Now this girl has the loveliest hair -- all different shades of brown and gold and auburn. Rich people pay a lot of money to try to get this hair. So of course she would love to color it.
Sing halleluiah -- Lynda talked her down from this idea and they commenced to the serious work of choosing the perfect 'do. Layers? Bangs?? Razor cut??? We should all hope that President Obama, Speaker Pelosi, and the nine Supreme Court justices put as much thoughtful energy into their work.
Must . . . read . . . at . . . all . . . times . . . .This tousled look seemed done to me (and frighteningly mature . . . ) but the girl and her stylist sneered at my naivete. The next step was crucial:
tangent: This girl is the Queen of Quidditch, the High Mugwump of Hogwarts, the go-to source for all things Harry Potter.

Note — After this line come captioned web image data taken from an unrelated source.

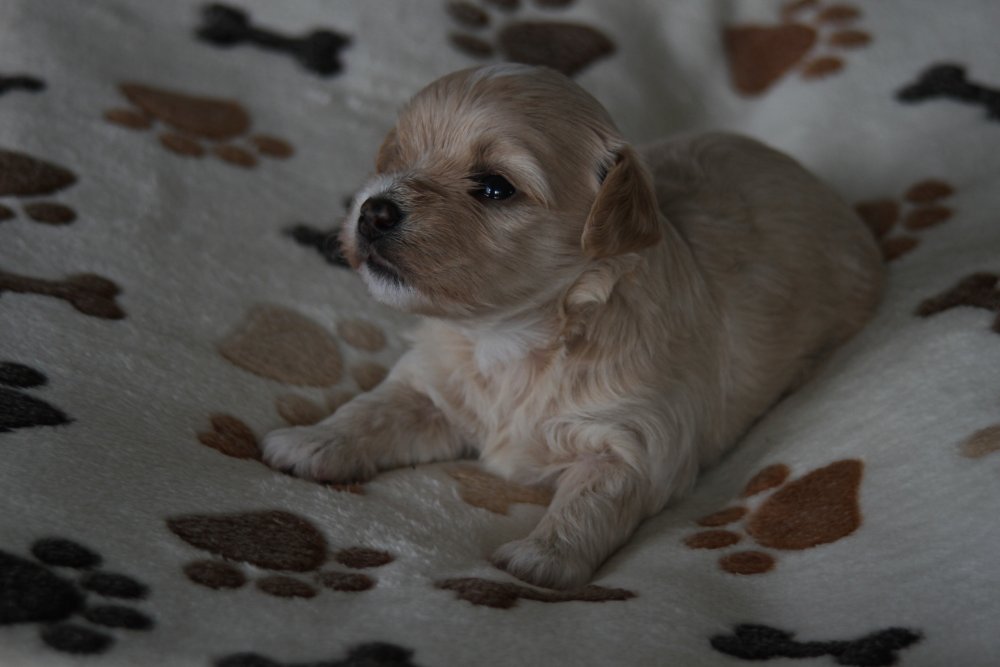 Casa Bichons Charlie Chaplin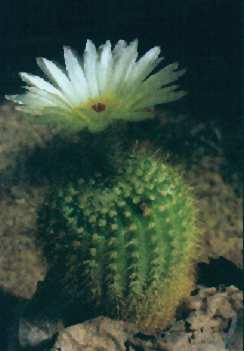 Notocactus werdermannianus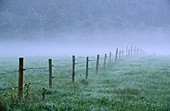Fence in fog. Baviera, Germany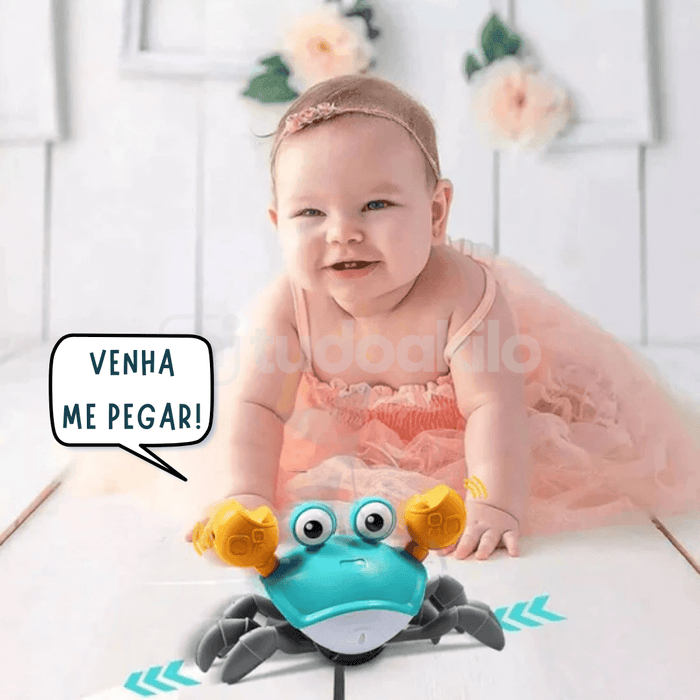 Sr. Caranguejo Fujão - tudoakilo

She was born on Harry's birthday, for Merlin's sake! Ooh! Quick quiz: who else associated with Harry's world was born on his birthday?
Now the all-important flat iron appeared. I know that the world shifted on its axis a little bit when this instrument entered our home. I mean when the teenager said she needed a flat iron --
-- I seriously thought she had lost her mind. Silly Mommy!
But -- and I am totally serious here -- how does this instrument, a flat iron, after all, curl anyone's hair? I am stymied by this. Really.
Seems to work, though!Next up: can one say "glamour hair" and "teenaged boy" in the same sentence?
I said, "Wow! Your hair looks like Farrah Fawcett's!" (Actually, to show you just how old I am, I really said, "Wow! Your hair looks just like Farrah Fawcett-Majors'!") Again with the get-with-the-times sneering, and Lynda very sweetly said, "Or maybe Vanessa Hudgens?"